Kinetics and Mechanisms of Sulfate Adsorption/Desorption on Goethite Using Pressure‐Jump Relaxation

Abstract

Sulfate adsorption/desorption on goethite (FeOOH) in aqueous suspension was investigated thermodynamically and kinetically. The SO₄‐adsorption isotherm indicated that adsorption decreased with increased pH of the goethite suspension. The triple‐layer model fit the experimental data well when adsorbed SO₄ was assumed to be located at the β plane and held via outer‐sphere complexation. Pressure‐jump relaxation was used to determine the kinetics of SO₄ adsorption/desorption on goethite. A single relaxation was observed due to adsorption/desorption processes.
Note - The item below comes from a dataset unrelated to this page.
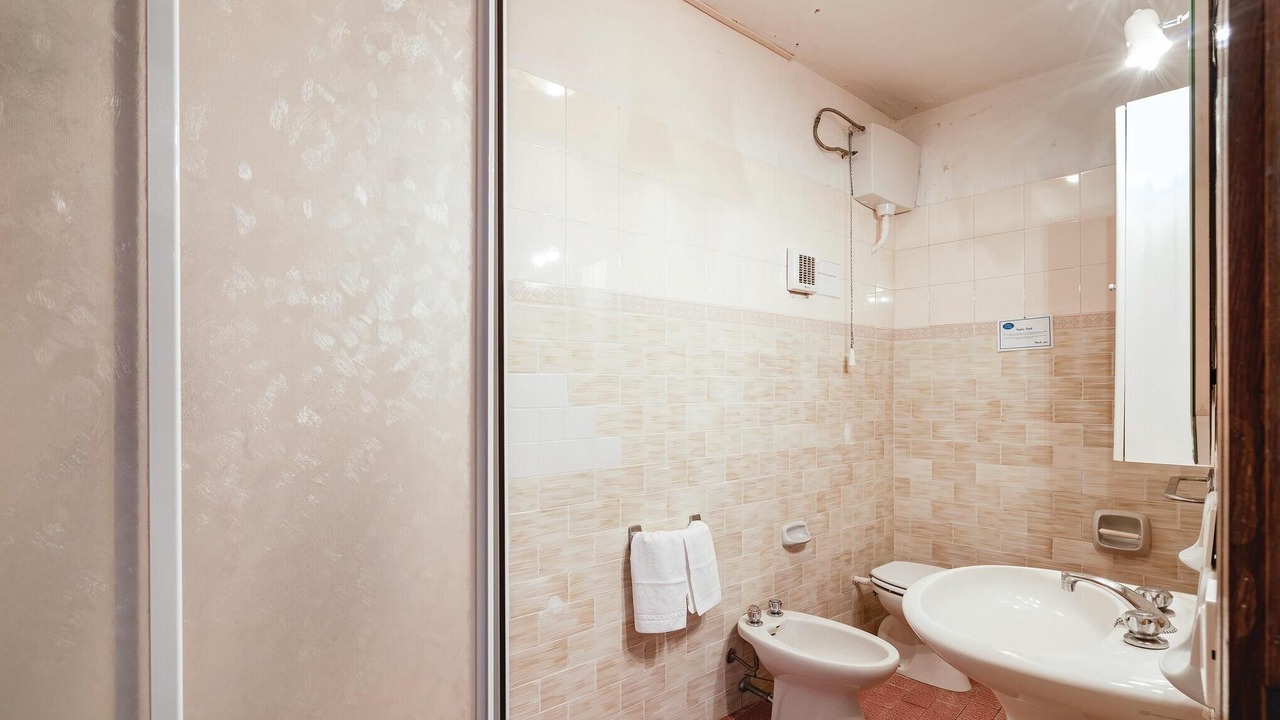 Photo of Bathroom in Loro Ciuffenna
Based on the equilibrium and kinetic studies, we hypothesized and tested two reaction mechanisms for SO₄ retention. The first postulated mechanism (Reaction 1) assumed that SO₄ was adsorbed on a positively charged surface site through electrostatic attraction. This mechanism was rejected because of the poor conformity between the intrinsic equilibrium constant (K^int_eq) determined from the static studies and that found from the ratio of forward (k^int₁) and backward (k^int_‐1) rate constants, i.e., K^int₁ = k^int₁/k^int_‐1. It was found that the adsorption of SO₄ on goethite occurred simultaneously with the protonation of a neutral surface site, as assumed in the second hypothesized mechanism (Reaction 2). Based on this mechanism, a linear relationship between the reciprocal relaxation time (τ⁻¹) and various concentration terms was observed. From this relationship, k^int₂ and k^int_‐2 were calculated and were 2.02 × 10⁸ mol⁻² L²s⁻¹ and 0.144 s⁻¹, respectively. The intrinsic equilibrium constant from kinetic measurements (K^int₂) was 10^9.14 mol⁻²L², which was similar to the intrinsic equilibrium constant from the equilibrium studies, 10^9.60.